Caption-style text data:
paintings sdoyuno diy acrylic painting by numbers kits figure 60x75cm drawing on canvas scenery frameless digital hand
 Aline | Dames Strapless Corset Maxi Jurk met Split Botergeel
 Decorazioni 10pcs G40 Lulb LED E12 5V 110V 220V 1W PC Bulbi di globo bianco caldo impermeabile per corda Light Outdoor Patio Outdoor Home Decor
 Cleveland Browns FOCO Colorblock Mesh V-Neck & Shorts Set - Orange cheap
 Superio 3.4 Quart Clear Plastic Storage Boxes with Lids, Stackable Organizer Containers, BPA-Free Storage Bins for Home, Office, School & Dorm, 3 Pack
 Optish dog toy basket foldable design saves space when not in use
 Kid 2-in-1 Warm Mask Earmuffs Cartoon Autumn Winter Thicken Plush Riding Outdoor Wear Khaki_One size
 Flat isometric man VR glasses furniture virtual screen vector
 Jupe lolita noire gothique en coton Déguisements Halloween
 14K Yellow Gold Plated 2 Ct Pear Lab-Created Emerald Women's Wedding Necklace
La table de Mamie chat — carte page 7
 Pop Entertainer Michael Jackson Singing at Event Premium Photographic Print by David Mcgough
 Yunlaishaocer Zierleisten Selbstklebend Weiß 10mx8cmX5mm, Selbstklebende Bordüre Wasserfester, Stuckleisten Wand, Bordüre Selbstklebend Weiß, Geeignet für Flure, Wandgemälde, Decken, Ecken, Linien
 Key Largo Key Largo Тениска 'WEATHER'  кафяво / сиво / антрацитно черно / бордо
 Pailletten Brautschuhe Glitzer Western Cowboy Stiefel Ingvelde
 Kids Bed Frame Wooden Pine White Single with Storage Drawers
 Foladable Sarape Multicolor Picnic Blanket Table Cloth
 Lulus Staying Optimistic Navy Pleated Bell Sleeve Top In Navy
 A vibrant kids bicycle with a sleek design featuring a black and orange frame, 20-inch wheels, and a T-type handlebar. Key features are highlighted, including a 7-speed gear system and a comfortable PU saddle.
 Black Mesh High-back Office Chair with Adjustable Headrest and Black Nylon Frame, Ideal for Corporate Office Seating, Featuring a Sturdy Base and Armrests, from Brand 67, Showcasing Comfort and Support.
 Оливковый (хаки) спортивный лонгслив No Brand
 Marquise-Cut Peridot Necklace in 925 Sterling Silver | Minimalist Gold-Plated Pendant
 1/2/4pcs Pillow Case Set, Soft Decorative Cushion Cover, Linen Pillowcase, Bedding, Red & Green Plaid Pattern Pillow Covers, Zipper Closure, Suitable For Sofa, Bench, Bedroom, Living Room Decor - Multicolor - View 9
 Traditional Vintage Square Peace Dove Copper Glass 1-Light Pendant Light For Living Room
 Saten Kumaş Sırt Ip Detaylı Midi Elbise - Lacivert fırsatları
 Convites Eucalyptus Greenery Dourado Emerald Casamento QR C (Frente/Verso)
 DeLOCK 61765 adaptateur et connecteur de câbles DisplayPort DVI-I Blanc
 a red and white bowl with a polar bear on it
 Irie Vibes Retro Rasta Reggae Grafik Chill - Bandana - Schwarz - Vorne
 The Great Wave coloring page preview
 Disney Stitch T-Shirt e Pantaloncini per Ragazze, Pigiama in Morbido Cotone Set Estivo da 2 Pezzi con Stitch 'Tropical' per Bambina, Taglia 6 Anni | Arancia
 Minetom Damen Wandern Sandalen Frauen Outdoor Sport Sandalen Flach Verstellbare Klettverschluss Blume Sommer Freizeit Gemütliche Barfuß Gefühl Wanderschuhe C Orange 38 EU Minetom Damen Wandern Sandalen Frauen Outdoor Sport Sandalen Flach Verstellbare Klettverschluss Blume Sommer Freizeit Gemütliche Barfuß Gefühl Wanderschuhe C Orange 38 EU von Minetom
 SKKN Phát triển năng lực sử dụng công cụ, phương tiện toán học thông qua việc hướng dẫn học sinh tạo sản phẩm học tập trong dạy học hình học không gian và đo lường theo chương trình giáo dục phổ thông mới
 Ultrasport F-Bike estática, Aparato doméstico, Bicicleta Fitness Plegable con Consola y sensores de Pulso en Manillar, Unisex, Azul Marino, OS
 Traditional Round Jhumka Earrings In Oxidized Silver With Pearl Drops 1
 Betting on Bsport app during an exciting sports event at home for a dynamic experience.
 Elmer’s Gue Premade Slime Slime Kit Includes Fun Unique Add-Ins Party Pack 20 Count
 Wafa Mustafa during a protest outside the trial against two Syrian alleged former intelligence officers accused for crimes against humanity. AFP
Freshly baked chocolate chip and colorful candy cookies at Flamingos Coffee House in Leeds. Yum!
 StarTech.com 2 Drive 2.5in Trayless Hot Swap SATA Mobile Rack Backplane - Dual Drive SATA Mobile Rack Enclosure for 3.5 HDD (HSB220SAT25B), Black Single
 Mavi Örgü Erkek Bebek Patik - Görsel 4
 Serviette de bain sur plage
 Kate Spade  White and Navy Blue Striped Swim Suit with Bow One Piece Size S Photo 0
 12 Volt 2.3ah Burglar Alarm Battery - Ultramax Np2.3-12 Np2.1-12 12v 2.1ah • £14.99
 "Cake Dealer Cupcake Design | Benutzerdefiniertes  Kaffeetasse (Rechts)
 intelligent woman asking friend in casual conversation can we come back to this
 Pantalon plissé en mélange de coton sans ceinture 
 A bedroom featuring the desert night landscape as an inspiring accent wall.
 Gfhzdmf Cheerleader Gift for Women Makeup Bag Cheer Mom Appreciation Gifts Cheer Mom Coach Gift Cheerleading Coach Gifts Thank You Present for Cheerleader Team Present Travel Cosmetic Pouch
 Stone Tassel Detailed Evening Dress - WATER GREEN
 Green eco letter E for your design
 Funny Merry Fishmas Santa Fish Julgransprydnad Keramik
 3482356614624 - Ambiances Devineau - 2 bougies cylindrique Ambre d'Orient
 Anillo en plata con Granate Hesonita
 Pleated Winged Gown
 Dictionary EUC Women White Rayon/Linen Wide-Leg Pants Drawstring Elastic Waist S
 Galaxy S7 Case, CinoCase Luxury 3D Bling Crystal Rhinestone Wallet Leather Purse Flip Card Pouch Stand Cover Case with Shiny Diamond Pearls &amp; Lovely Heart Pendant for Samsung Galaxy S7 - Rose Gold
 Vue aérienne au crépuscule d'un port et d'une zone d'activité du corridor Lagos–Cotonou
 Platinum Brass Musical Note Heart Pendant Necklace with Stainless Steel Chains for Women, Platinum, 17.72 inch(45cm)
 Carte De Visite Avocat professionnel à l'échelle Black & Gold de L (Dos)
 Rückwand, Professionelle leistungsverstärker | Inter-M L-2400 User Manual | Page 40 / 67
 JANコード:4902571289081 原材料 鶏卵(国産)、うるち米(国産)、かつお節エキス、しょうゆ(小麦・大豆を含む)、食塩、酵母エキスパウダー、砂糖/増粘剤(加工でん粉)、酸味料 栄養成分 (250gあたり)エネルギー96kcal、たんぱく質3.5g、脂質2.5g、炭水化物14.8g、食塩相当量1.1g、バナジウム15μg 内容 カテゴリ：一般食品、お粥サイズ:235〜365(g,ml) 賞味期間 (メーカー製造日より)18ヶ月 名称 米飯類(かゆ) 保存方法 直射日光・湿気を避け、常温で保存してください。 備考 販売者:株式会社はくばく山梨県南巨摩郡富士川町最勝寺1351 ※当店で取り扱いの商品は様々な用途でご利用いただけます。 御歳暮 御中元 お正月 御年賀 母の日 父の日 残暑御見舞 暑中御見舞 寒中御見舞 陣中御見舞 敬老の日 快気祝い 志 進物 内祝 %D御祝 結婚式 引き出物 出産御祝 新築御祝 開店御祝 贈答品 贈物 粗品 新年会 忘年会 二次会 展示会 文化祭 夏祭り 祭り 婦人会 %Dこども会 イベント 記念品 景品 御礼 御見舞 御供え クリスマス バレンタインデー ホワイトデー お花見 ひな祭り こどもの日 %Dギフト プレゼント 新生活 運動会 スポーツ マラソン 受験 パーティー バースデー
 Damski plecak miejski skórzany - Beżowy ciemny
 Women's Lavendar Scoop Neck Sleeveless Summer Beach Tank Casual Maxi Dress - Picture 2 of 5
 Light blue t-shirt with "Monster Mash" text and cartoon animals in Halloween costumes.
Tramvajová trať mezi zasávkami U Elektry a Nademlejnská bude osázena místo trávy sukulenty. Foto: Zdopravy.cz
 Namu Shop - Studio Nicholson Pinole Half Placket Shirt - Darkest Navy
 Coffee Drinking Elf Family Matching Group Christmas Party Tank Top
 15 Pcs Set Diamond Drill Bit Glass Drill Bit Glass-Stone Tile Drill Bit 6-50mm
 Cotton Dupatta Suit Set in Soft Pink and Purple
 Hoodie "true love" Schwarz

AIM OF THE EXERCISE: Search the data for "Cotton Dupatta Suit". Beginning with that line, set down every line through the last exactly.

ANSWER SPACE:
 Cotton Dupatta Suit Set in Soft Pink and Purple
 Hoodie "true love" Schwarz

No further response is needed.